The Price family has been making apple cider for the residents of Lunenburg since 1936.

In 1935, Ralph Price, a local farmer, purchased an apple cider press from Athol in hopes of providing a fall drink for the rural town. The following year, the family started selling the produce.

Harvey, a 13-year-old milk peddler for his father, helped his father by picking the apples after school and helping to make it. Ralph asked, so Harvey helped.

"He never yelled at me once," Harvey recalls. "If he told me to do something, I would. If he told me to not to do something, I wouldn't."

The Prices owned a farm and an orchard off Flat Hill Road at the time they began making cider.

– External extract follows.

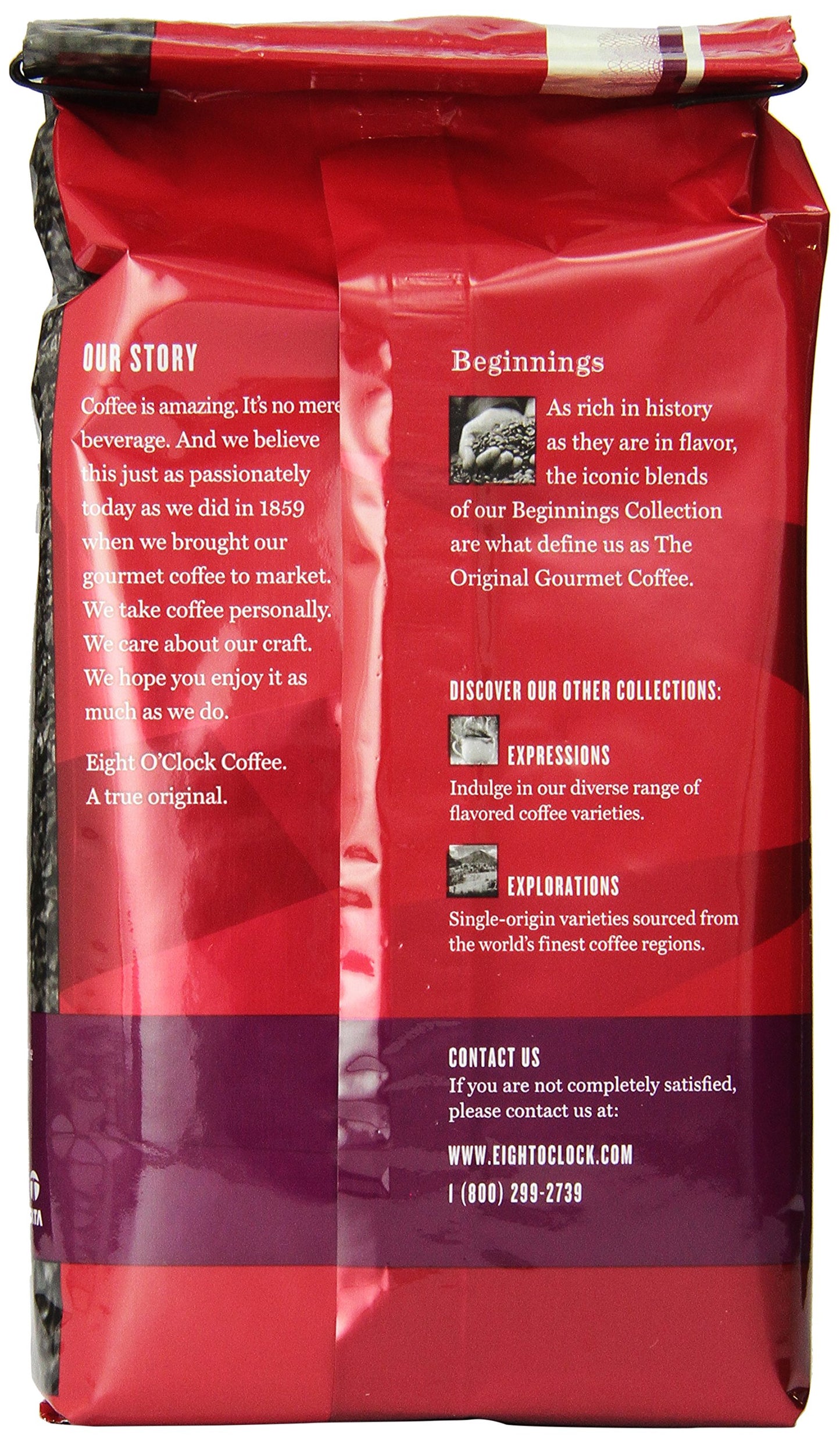 Eight OClock Coffee French Roast Ground Coffee, Dark Roast, 12 Ounce (Pack of 6)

Harvey says his father had the press at a pop-up stand on Elmwood Road up until 1941 when World War II began. The press bounced around for a decade before Ralph sold the farm to the Kimball family and bought land at 162 Highland St. in 1951.

The press, which was built in 1910, made its way to the cellar, and Harvey's voice has echoed off the hundreds of wooden apple crates littered throughout ever since.

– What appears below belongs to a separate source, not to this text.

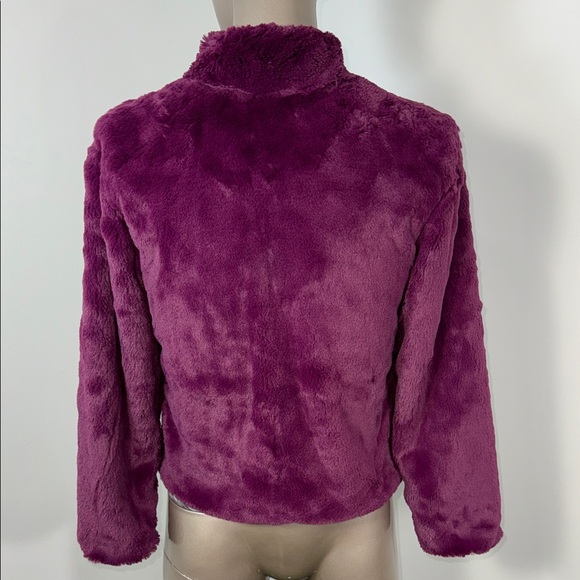 The North Face Reversible Burgundy Women Puffer Jacket - Pink and Purple Floral - Picture 9 of 14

"He made so much cider," Harvey says.

Two years later, in 1953, Agnes and Harvey built a home on his father's land. At that time, Harvey was embarking on a career in repairing televisions for local residents.

This is where Harvey developed the nickname of "Half-Price" because of the deals he would cut with customers. He says he developed that gracious side because of his father, who would still provide milk to those were in debt to him because he felt bad for their children.

"There was no guy like him," Harvey says. "... Honesty is remembered long after price is forgotten."

When the TV repair business was bustling, Harvey was often running around town putting up antennas and replacing tubes. It meant it was Agnes' job to help Ralph with making the cider.

"He called her his Irish daughter," Harvey says because of how much time the two spent together.

And as time passed and Ralph got old, Harvey can recall when he and Agnes began taking the reins.

He remembers one day when his father asked him to make a batch. Harvey had eight to 10 repair jobs that day. He raced around town and made it home by 6 p.m. He and Agnes stayed up until 2 a.m. making cider.

Ralph asked, so Harvey helped.

Shortly before Ralph passed away at the age of 80 on March 3, 1980, Ralph asked Harvey to continue making apple cider for the town. The son obliged and has kept his promise.

Bill Lakso, the president of the Lunenburg Historical Society, said he has been drinking the apple cider since he moved back to the town in 1976. He said the parallels between Ralph and Harvey are evident.

"His father was equally as colorful as Harvey is," Lakso said.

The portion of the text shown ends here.